Harden is putting first-year coach Stephen Silas in a terrible predicament, where Silas will have to answer questions about Harden wanting out for as long as he’s a member of the Rockets. This relationship can still blossom now that Harden reported to camp, but it’s off to a rocky start.
Harden gets unfairly criticized by certain members of the media who only judge his bad moments instead of respecting his greatness. In my opinion, Harden is one of the most gifted and prolific offensive threats in NBA history. Many will point out a blown defensive assignment from an irrelevant regular season game before ever mentioning that Harden has averaged over 25 points per game ever year since 2012 and including 30 points per game the past three seasons. His playoff shortcomings can be open to criticism, but to not acknowledge Harden as one of the three best guards in the league is a crime.

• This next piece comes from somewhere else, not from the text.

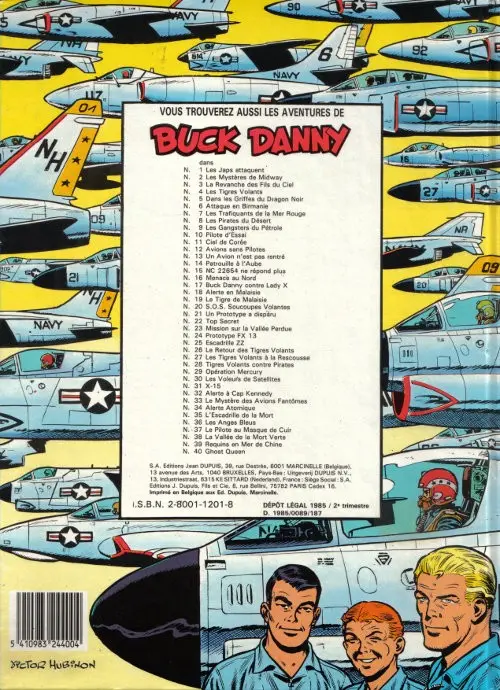 Verso de l'album Buck Danny Tome 5 Dans les griffes du Dragon Noir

Despite all of this negative attention, Harden has the secret to changing the narrative and that’s winning. Remember when Jimmy Butler went scorched earth and burned every bridge in Minnesota on his way out the door? That’s all been erased from memory after his unforgettable run in the NBA Bubble with the Miami Heat. Remember when the media destroyed Tiger Woods for his off-the-course endeavors and his lack of a major for over 10 years? That all changed with his win at the Masters in 2019.
To quote Tiger, “Winning takes care of everything.” Despite the negative press around his nightclub tour and tumultuous relationship with the Rockets, if James Harden wins a championship in the foreseeable future, this will all be an afterthought.